Il se souvint qu’il avait oublié sa montre en se changeant cet après midi, après le repas, assez arrosé, avec le responsable régional du partit. Avant de se diriger vers la cuisine, il bifurqua vers la chambre. Il ouvrit la porte. Il resta bouche bée.

Maryse et Thérèse étaient allongées sur le lit. Enlacées. Thérèse troussée jusqu’au ventre. Elles le regardaient, aussi surprises que lui. Il était comme tétanisé. Il enregistrait la scène, avec une foule de détails, mais sans aucune réaction. Combien dura le face à face ? Une minute, plus ? Moins ? Il referma la porte sans bruit. Il retourna à  son bureau, l’œil fixe, blanc comme un linge. « Monsieur Lamotte, notre café ? » Lança Virginie. Il traversa l’espace/accueil comme un zombie, et, claquant la porte, disparu dans son bureau, sans un mot.

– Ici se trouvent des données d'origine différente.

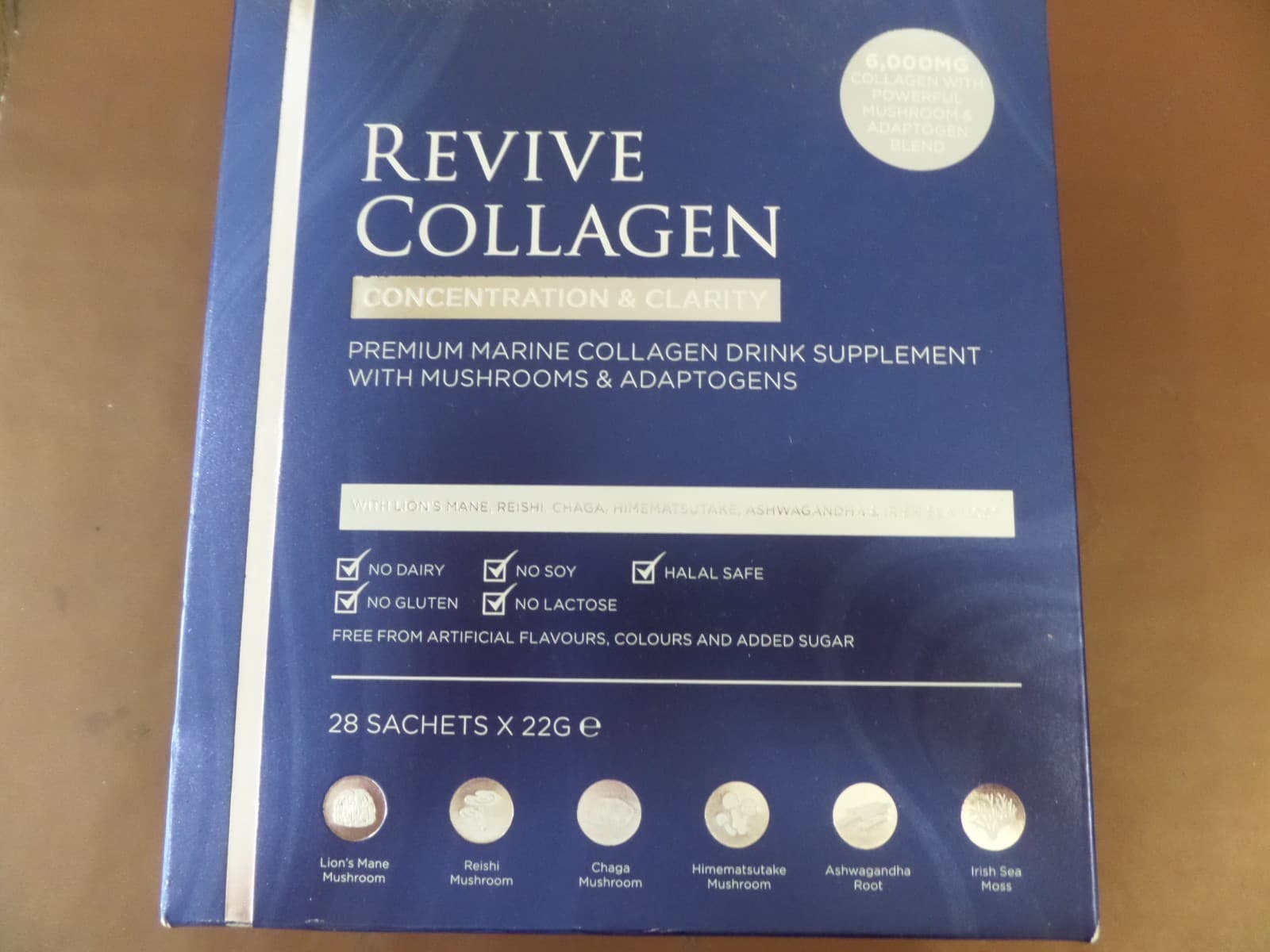 Revive Collagen Concentration and Clarity 6000mg 28 SACHETS X 22G Sealed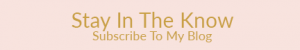 subscribe to my blog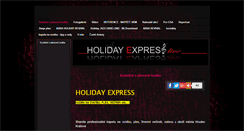 Desktop Screenshot of holidayexpress.cz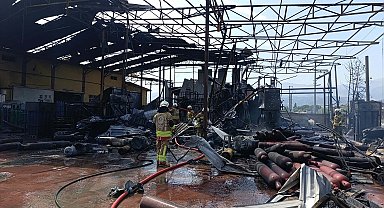 Manisa'da dolum tesisinde patlama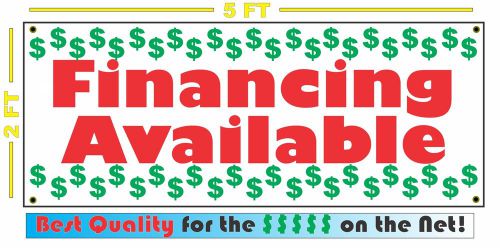 FINANCING AVAILABLE Banner Sign NEW Larger Size 4 Auto Used Car Lot Shop BAD OK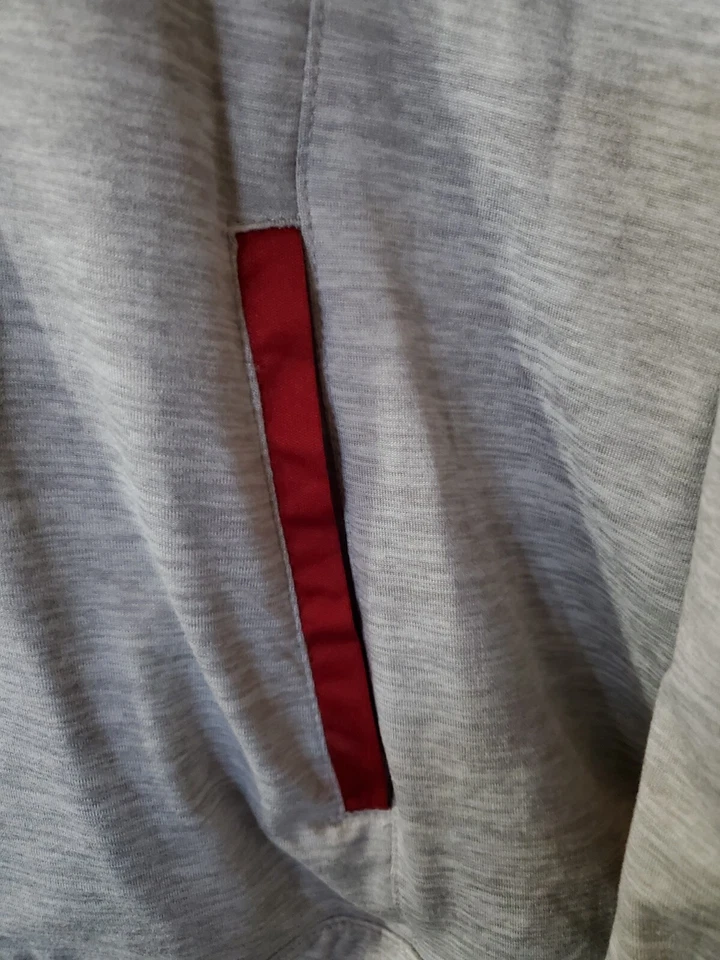 ARKANSAS RAZORBACKS COLOSSEUM Women L Pullover Embroidered 1/4 Snaps Pocket, EUC - Image 4 of 4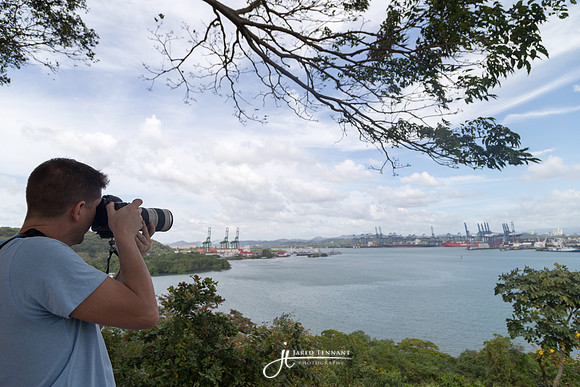 Shooting the Panama Canal from the Bridge of the Americas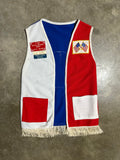 Vintage 70s 1776ers Twiggy Red Whit & Blue Vest (S)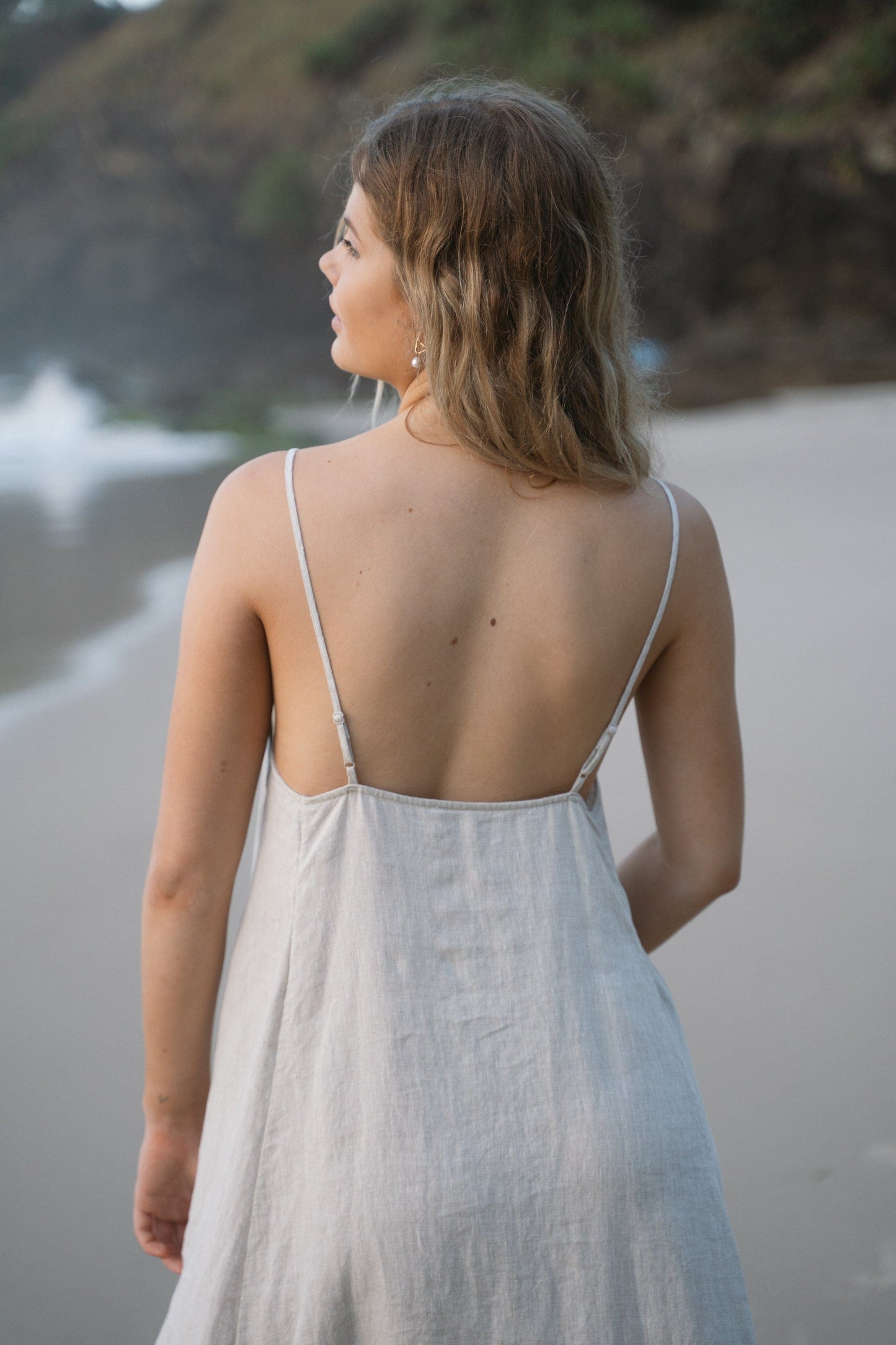 Coco Oatmeal Linen Dress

Le temps ne bougeait plus. La pendule ne tictaquait pas. Plus rien que le silence épais, avec en toile de fond, le soir tombant, obscurcissant la pièce. Il ne se passait plus rien. RIEN. Juste un léger  basculement, quelques degrés, sur un terrain déjà glissant et instable. Vers un horizon sombre comme un trou sans fond, un trou en entonnoir, en pente douce vers le néant. La bascule du pendu, le fil de la guillotine qui se dénoue, comme dans un film, au ralenti. L’estomac qui se contracte et se tord devant un destin aussi sûr qu’absurde. Le commencement de la FIN.